Ariano se levanta e num pranto doloroso, desabafa:
-Ninguém aqui nunca vai entender o que to sentindo nesse momento! Ninguém! Eu fui apunhalado pelas costas por todos aqueles que mais confiei. Eu sempre vou ser enganado, por ser muito bonzinho, muito generoso! Isso é que dá! Eu não agüento mais ser passado pra trás. Eu não agüento mais viver essa vida maldita.
Ariano irrompe sala adentro, enclausurando-se em seu quarto.
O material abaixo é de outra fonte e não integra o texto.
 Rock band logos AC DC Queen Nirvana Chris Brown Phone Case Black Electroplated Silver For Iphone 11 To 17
Bateu a porta e a trancou.
Arlete abraçou Walter.
-Meu amor... Esse dia não merecia terminar dessa forma. O Ariano não merecia isso. O que vamos fazer?
-Pegue leve com ele, Arlete. O Ariano é uma pessoa muito sensível... Eu tenho medo da reação emocional dele. O que vamos fazer... É uma boa pergunta.
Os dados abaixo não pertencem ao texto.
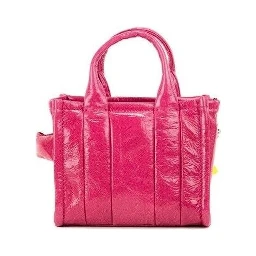 The Shiny Crinkle Micro Tote Magenta Leather Crossbody Bag Handbag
-Essa Lia, eu não te disse isso hoje!? Eu disse que vocês não podiam depositar tanta confiança nela, eu disse!
-Fale baixo, Arlete! – Repreende – Eu nunca ia imaginar que uma coisa dessas fosse acontecer... Além do mais, aquela mulher estava totalmente bêbada, não podemos dar créditos à palavra dela.
-Não, ela estava muito ciente do que falou... Pra que ela ia inventar isso?
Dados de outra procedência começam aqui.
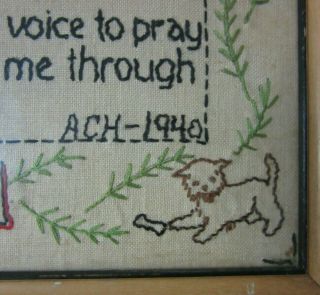 VTG Handmade Cross Stitch Sampler Wood Frame Religious 1940 Cat Dog Girl Signed 2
-Eu vou confirmar isso amanhã. Vou ter com essa menina, a Lia... Ela terá que abrir o jogo comigo.
-Não faça isso, Walter. Finja não saber de nada e tente descobrir se os dois são comparsas!
-Não será necessário fingir. Eu vou colocá-la contra a parede. Mentir ela não pode, afinal, temos uma testemunha.
-E onde está essa Ana Lucia? Ela foi embora sozinha, naquele estado lastimável?!
-Não. Eu mandei um táxi levá-la, amanhã ela busca o carro.
-Fez bem. Eu vou tentar conversar com o Ariano.
Arlete bate à porta do quarto.
-Filho, por favor, responda. Estamos preocupados.
-Me deixe em paz! Sai, sai!
Ariano estava envolto ao lençol branco da cama, tremendo de um frio inexplicável. O coração batia muito rápido, o choro não cessava. Teve vontade de ligar para Lia, e xingá-la, humilhá-la, despejar toda sua raiva, enfim... Ao mesmo tempo, pensava numa maneira de matar Euclides. Nunca pensara em matar um animal sequer. Mas, desta vez... Seu ódio era superior. O amor e o ódio... São irmãos.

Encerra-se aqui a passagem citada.